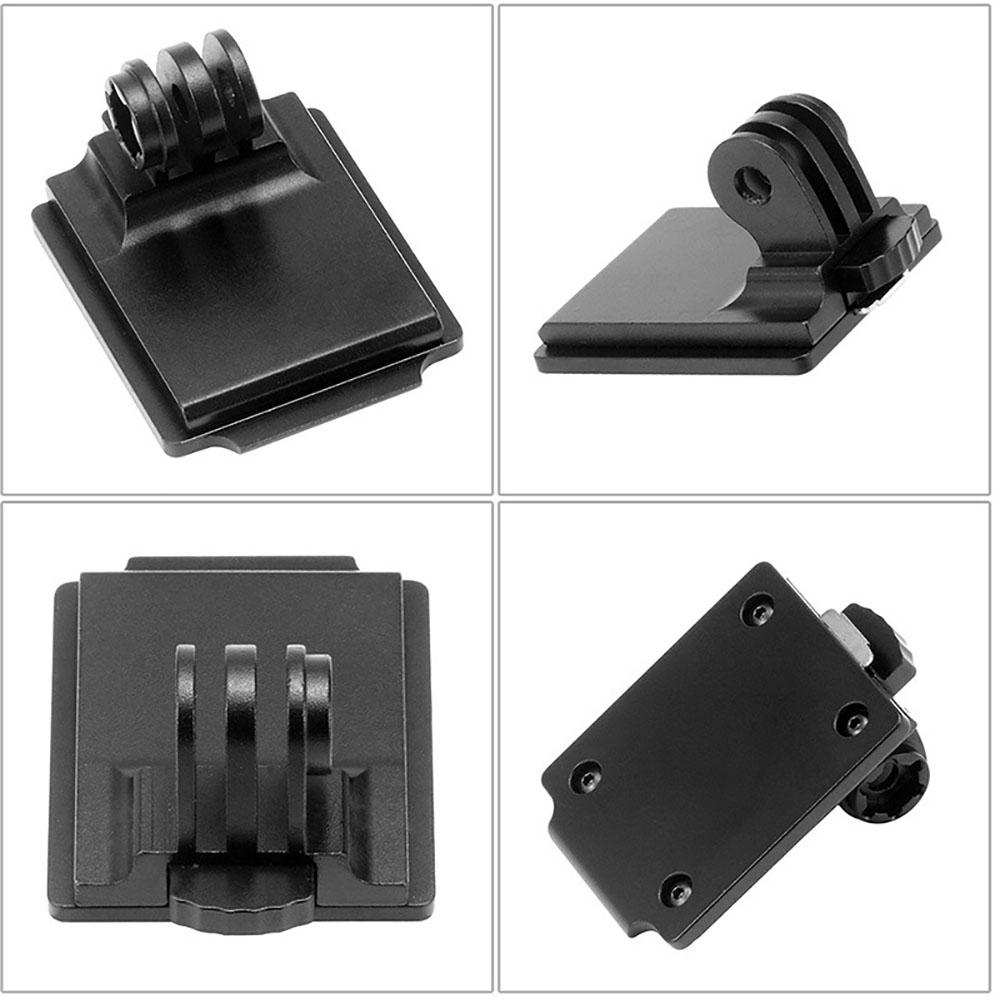 Aluminum Alloy Helmet Fixed Mount Base Holder Adapter For Gopro Hero 10 9 8 7 6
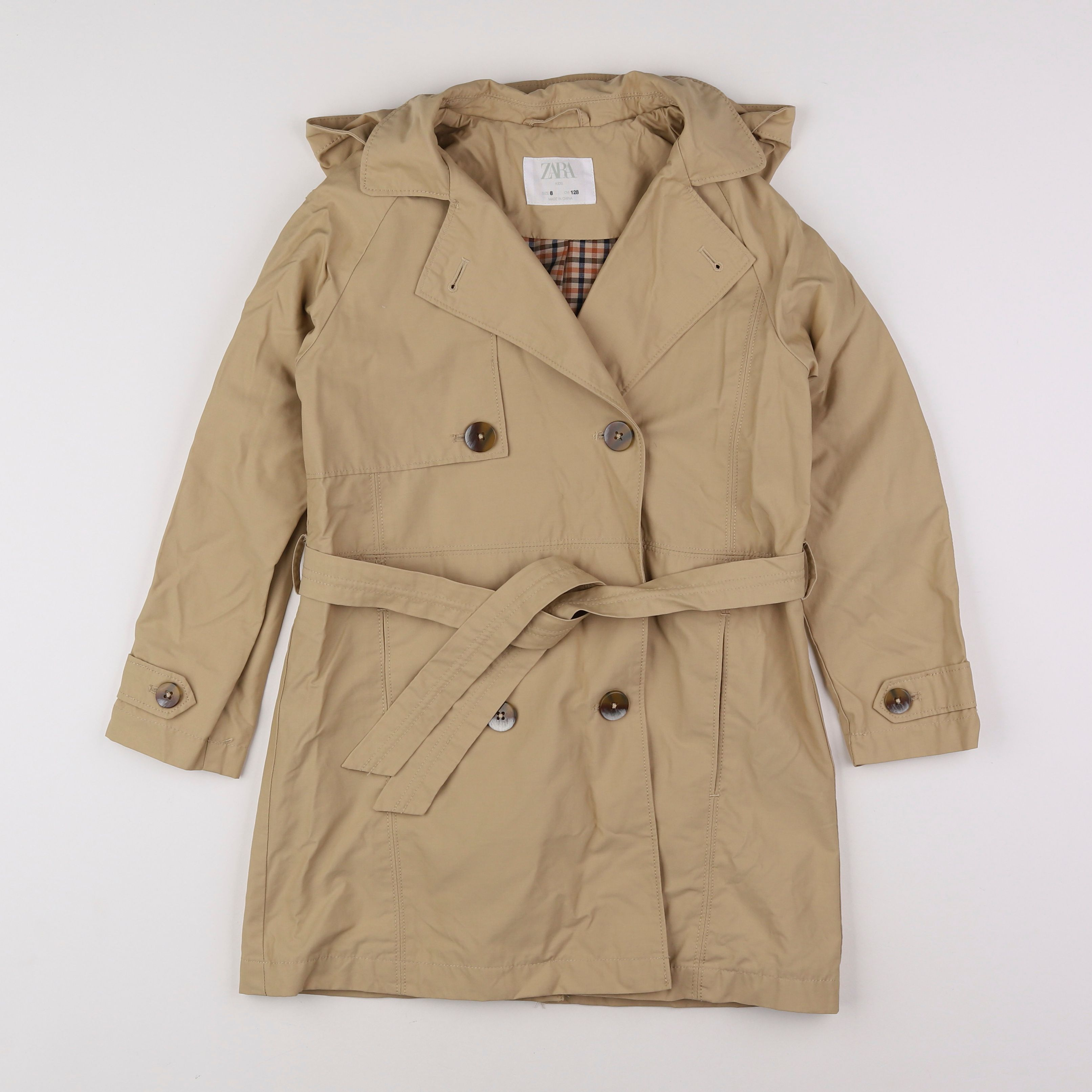 Zara - trench marron - 8 ans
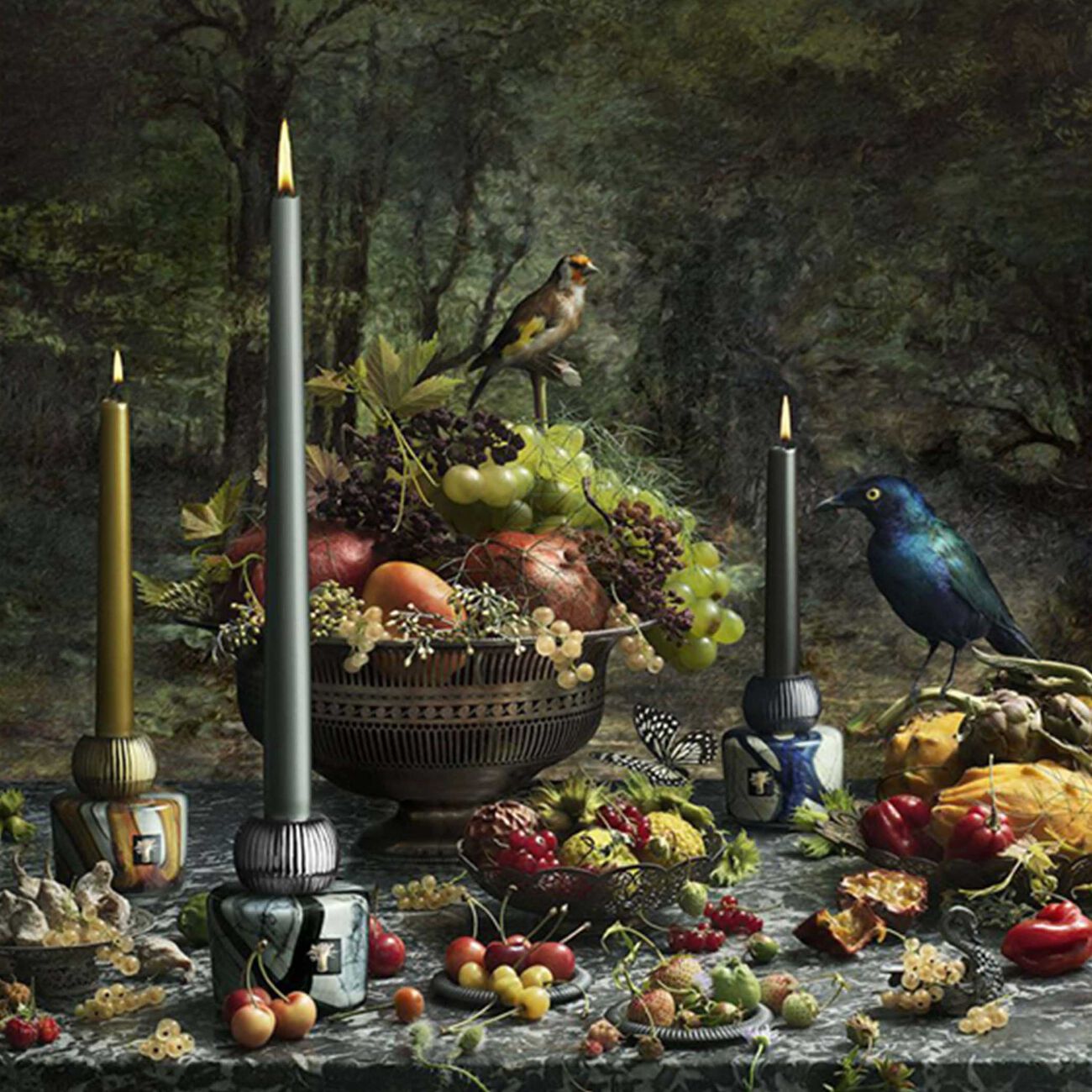 Stones Lazuli Candle Set Of 2 baobab collection stones lazuli candle set of 2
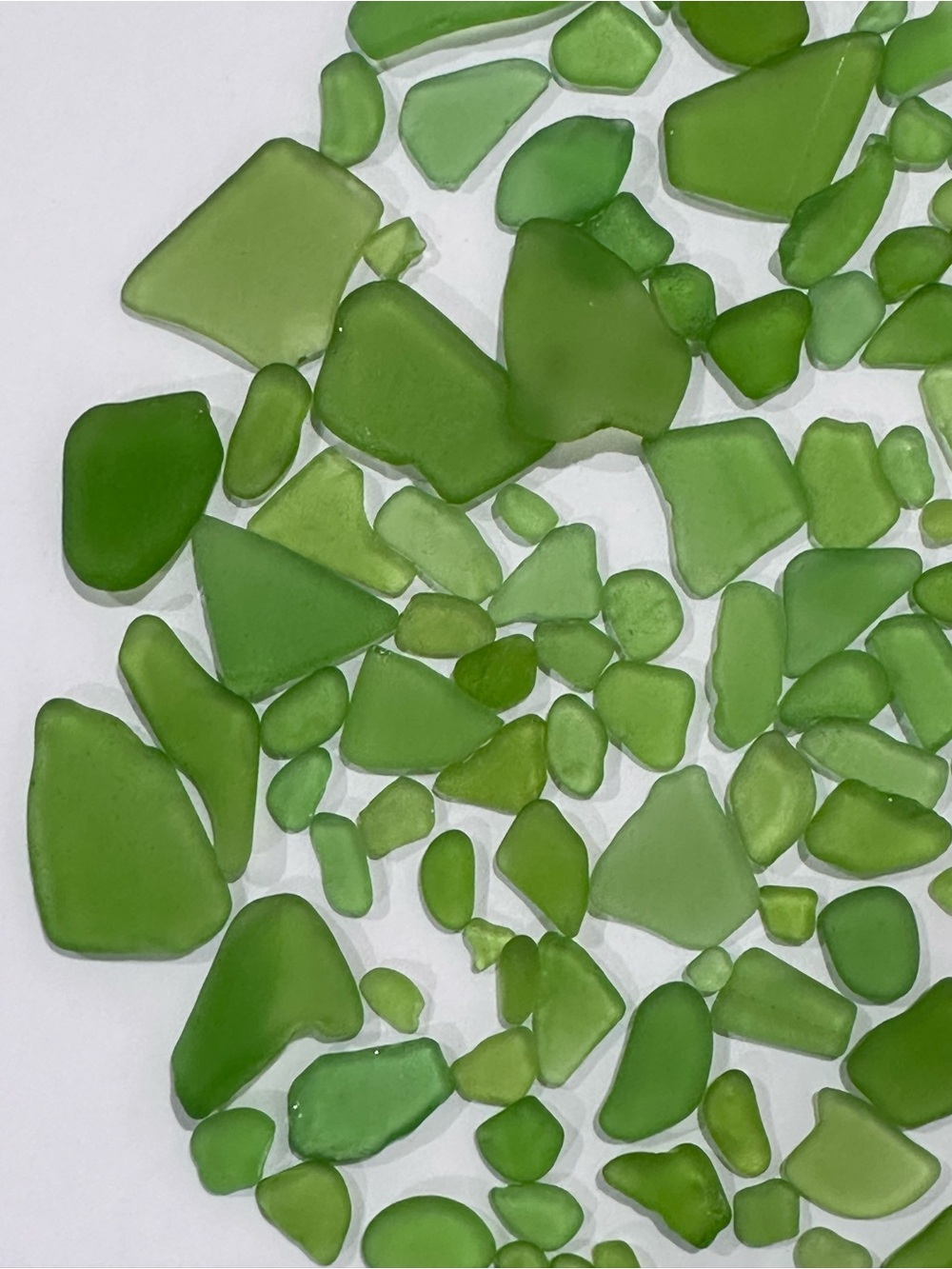 Authentic Green and blue Seaglass in Glass Vials - Picture 7 of 12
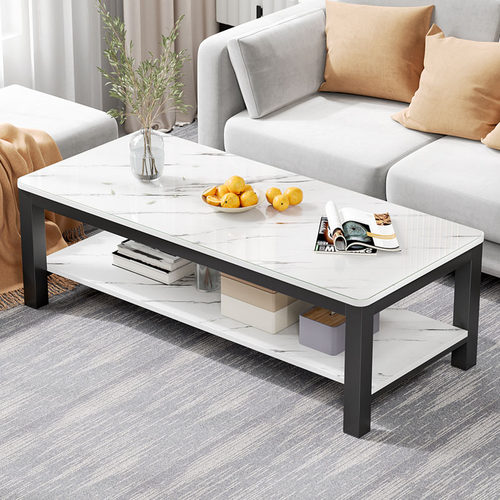 钢化玻璃茶桌客厅家用简约茶台2023新款小户型桌子出租屋轻奢茶几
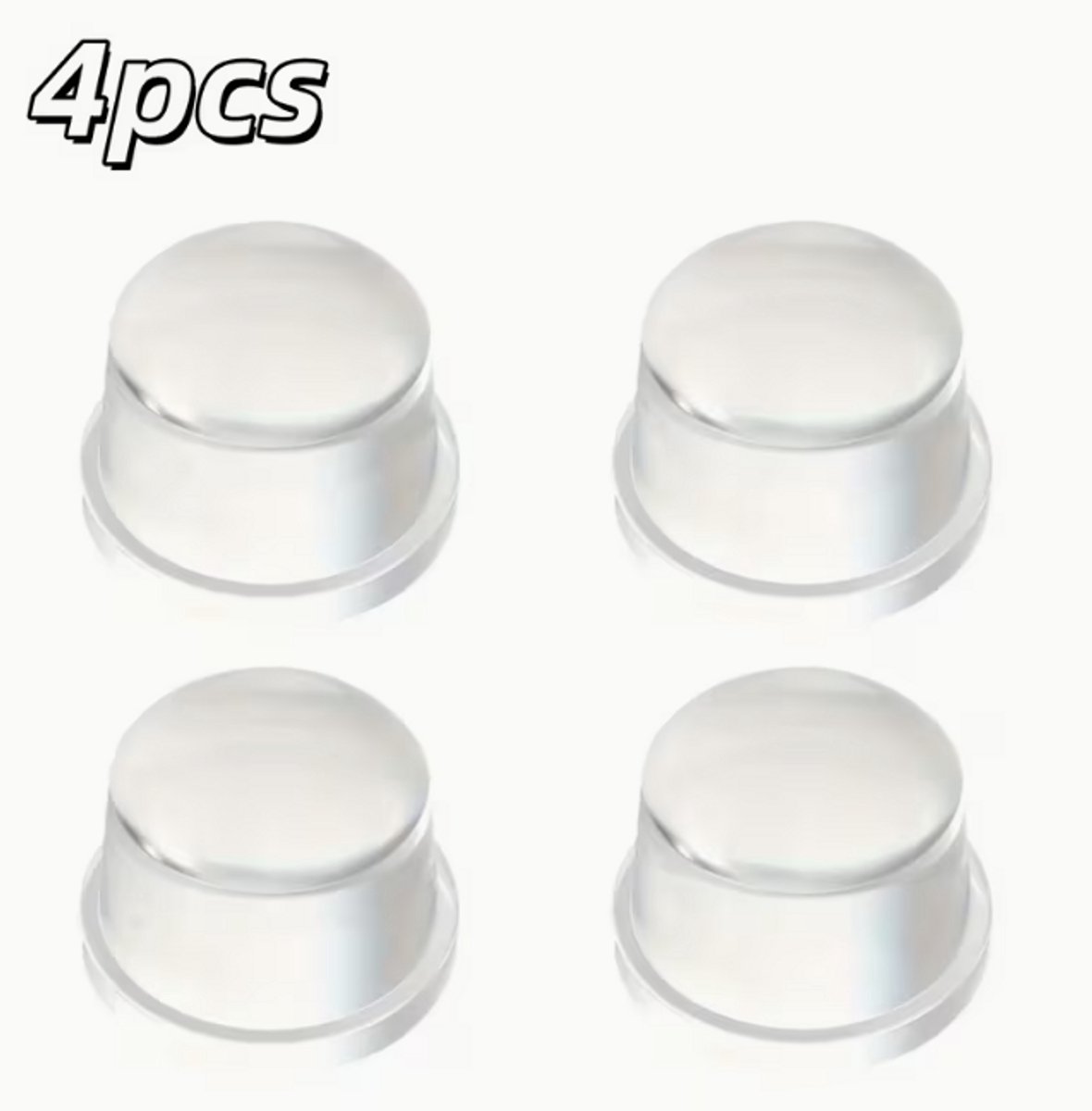Fardmell Deurstoppers Set van 4 – Zelfklevende Rubber Muurbeschermers – Geluiddempende Deurklink Buffers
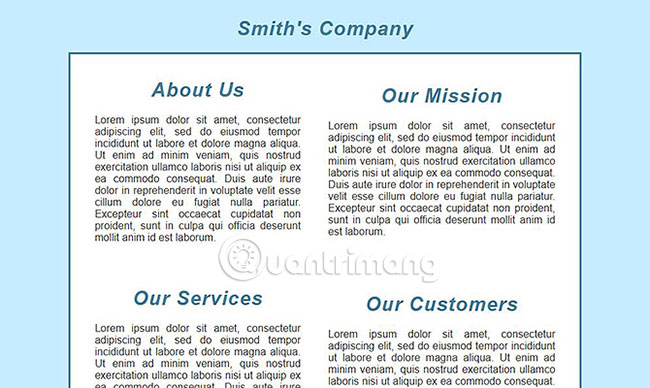 5 free HTML templates for creating web pages quickly Picture 4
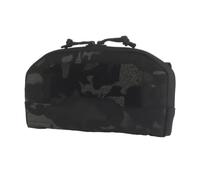 MOLLE Admin Pouch Utility Organizer with Dual Zipper and Bottom Drain Hole | Compact Storage System with 2 Hook Loop Inserts Key Hook Cord Loop and Fast Two-Way Access for Small Gear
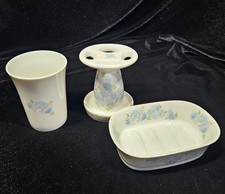 Vintage Porcelain Takahashi San Francisco 3 Piece Bathroom Set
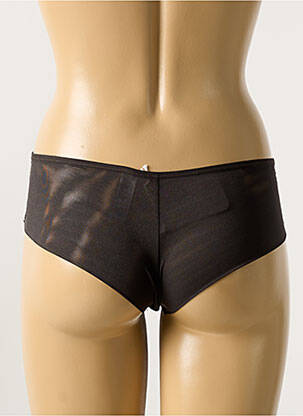 Shorty broderie marron MAISON LEJABY femme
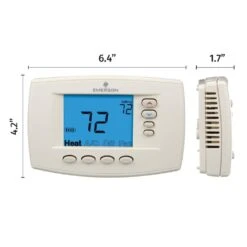 Emerson 90 Series Blue, 7 Day Programmable, Univeral (4H/2C) Easy Reader Thermostat -Fire Place Store emerson programmable thermostats 1f95ez 0671 c3 1000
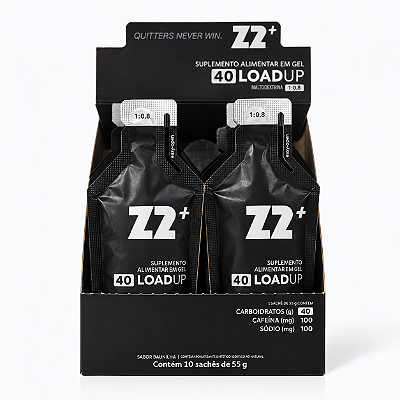 Energy Gel Z2 + Load Up-40g de Carboidrato- Cafeína CX/ 10un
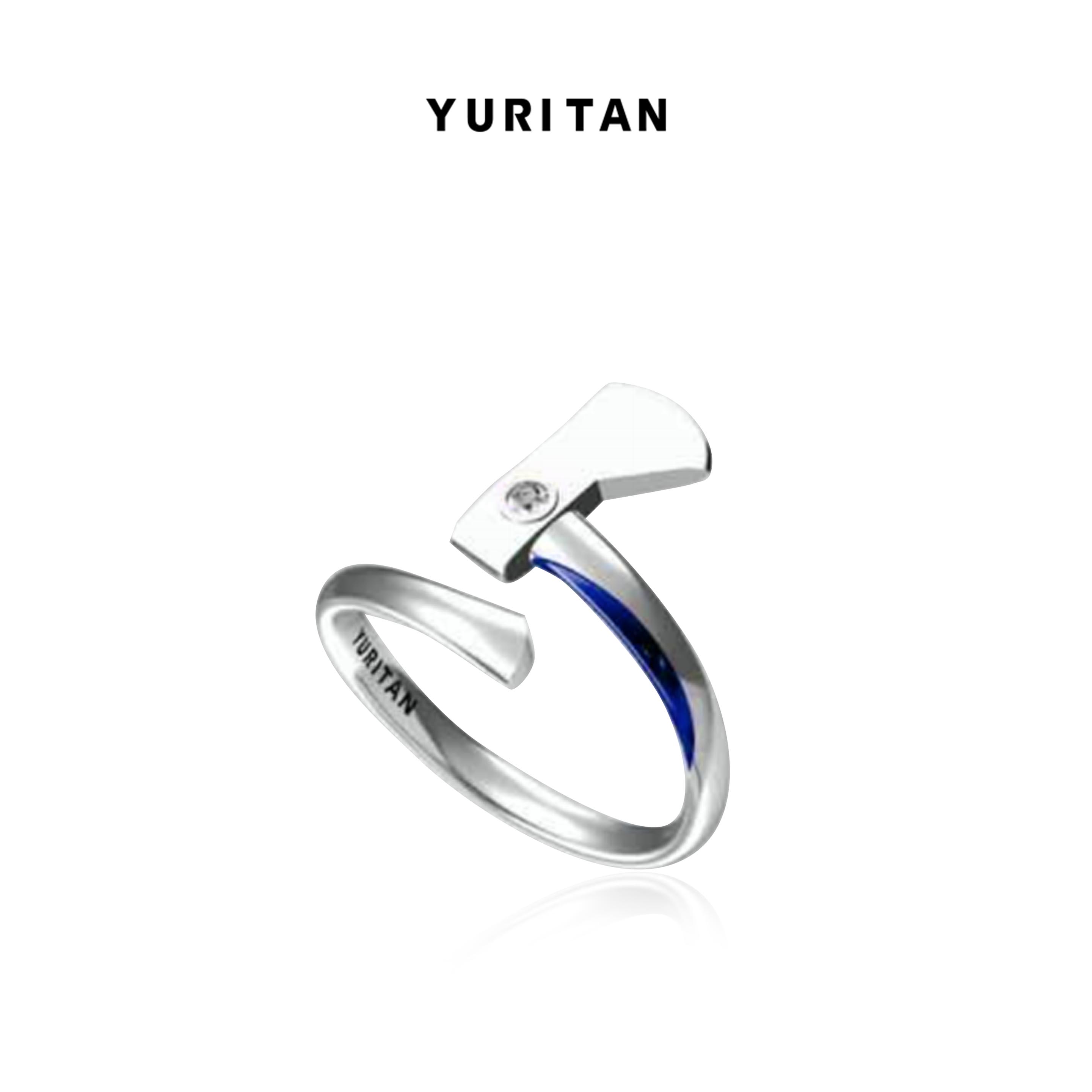 yuritan斧头戒指时尚情侣款指环
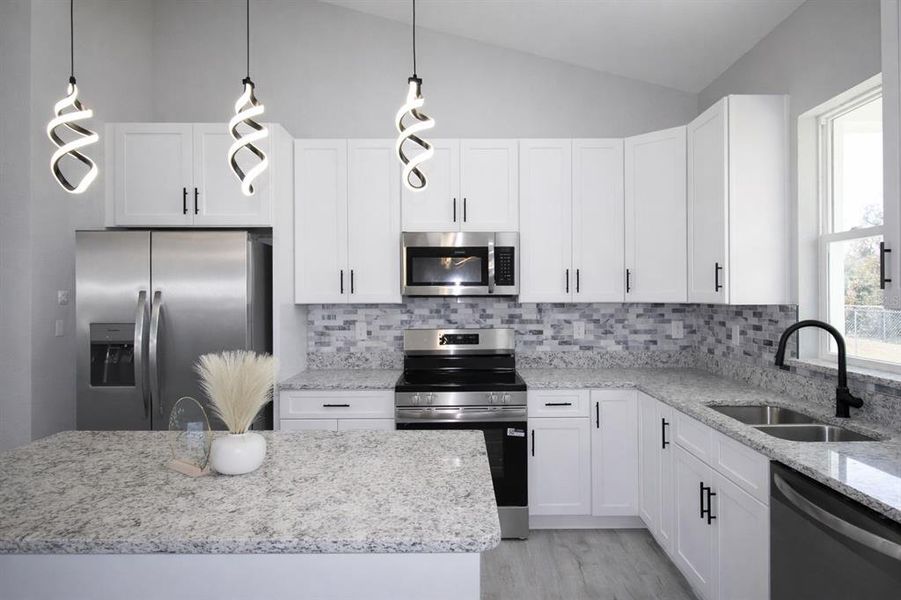 Furnished interior view inside a new home in , Sebring (Image 5).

** What to work on **
Exactly the lines from the one with "yuritan斧头戒指时尚情侣款指环" through the end of the entries above must be written out, and no pictures may be included.

** Answer for this exercise **
 yuritan斧头戒指时尚情侣款指环
 Furnished interior view inside a new home in , Sebring (Image 5).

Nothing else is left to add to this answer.